S. Austin Allibone, comp. Prose Quotations from Socrates to Macaulay. 1880.
Avarice
It is by bribing, not so often by being bribed, that wicked politicians bring ruin on mankind. Avarice is a rival to the pursuits of many. It finds a multitude of checks, and many opposers, in every walk of life. But the objects of ambition are for the few; and every person who aims at indirect profit, and therefore wants other protection than innocence and law, instead of its rival, becomes its instrument. There is a natural allegiance and fealty due to this domineering, paramount evil, from all the vassal vices, which acknowledge its superiority, and readily militate under its banners; and it is under that discipline alone that avarice is able to spread to any considerable extent, or to render itself a general, public mischief.
Edmund Burke: Speech on the Nabob of Ascots Debts, Feb. 28, 1785.

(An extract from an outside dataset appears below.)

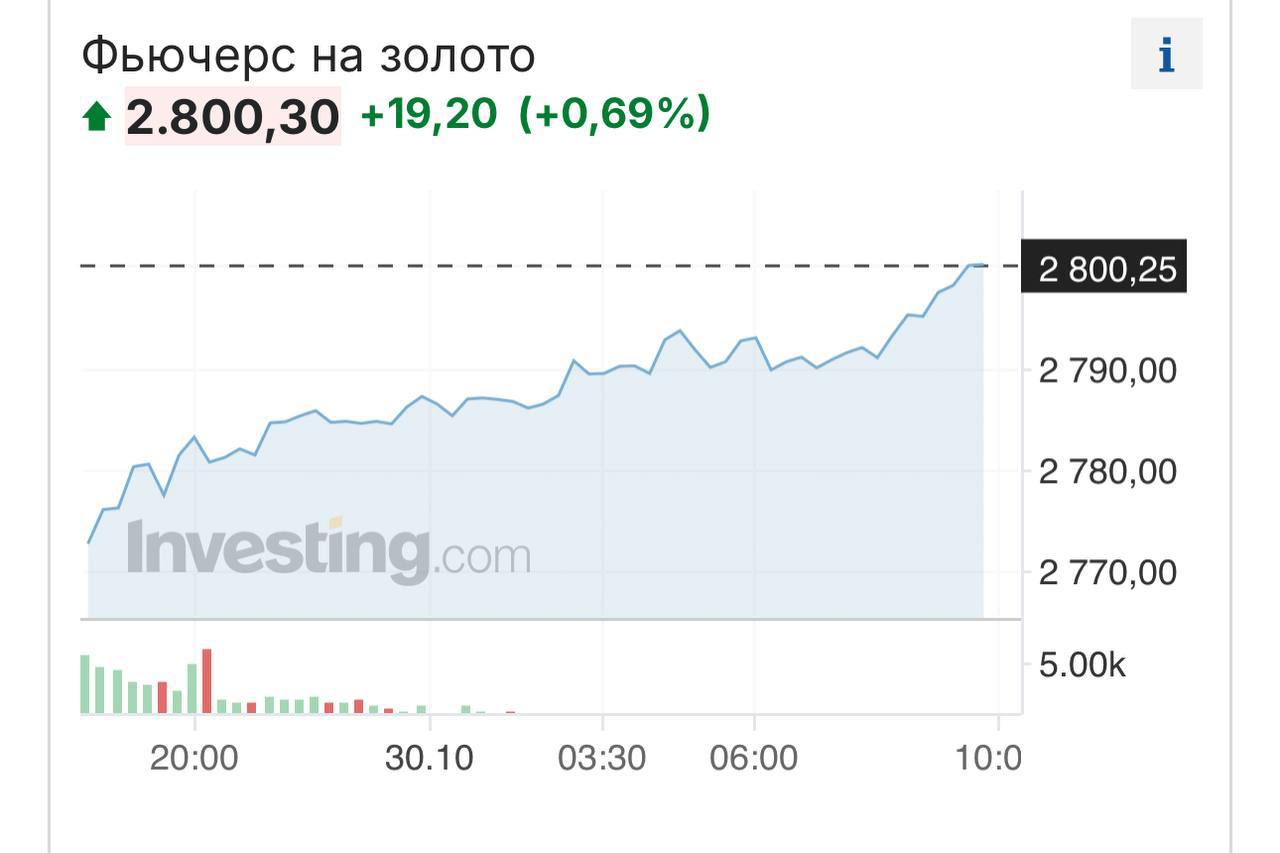 Стоимость фьючерса на золото обновила исторический максимум, превысив $2800 за тройскую унцию.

Had covetous men, as the fable goes of Briareus, each of them one hundred hands, they would all of them be employed in grasping and gathering, and hardly one of them in giving or laying out, but all in receiving and none in restoring: a thing in itself so monstrous that nothing in nature besides is like it, except it be death and the grave, the only things I know which are always carrying off the spoils of the world and never making restitution. For otherwise, all the parts of the universe, as they borrow of one another, so they still pay what they borrow, and that by so just and well-balanced an equality that their payments always keep pace with their receipts.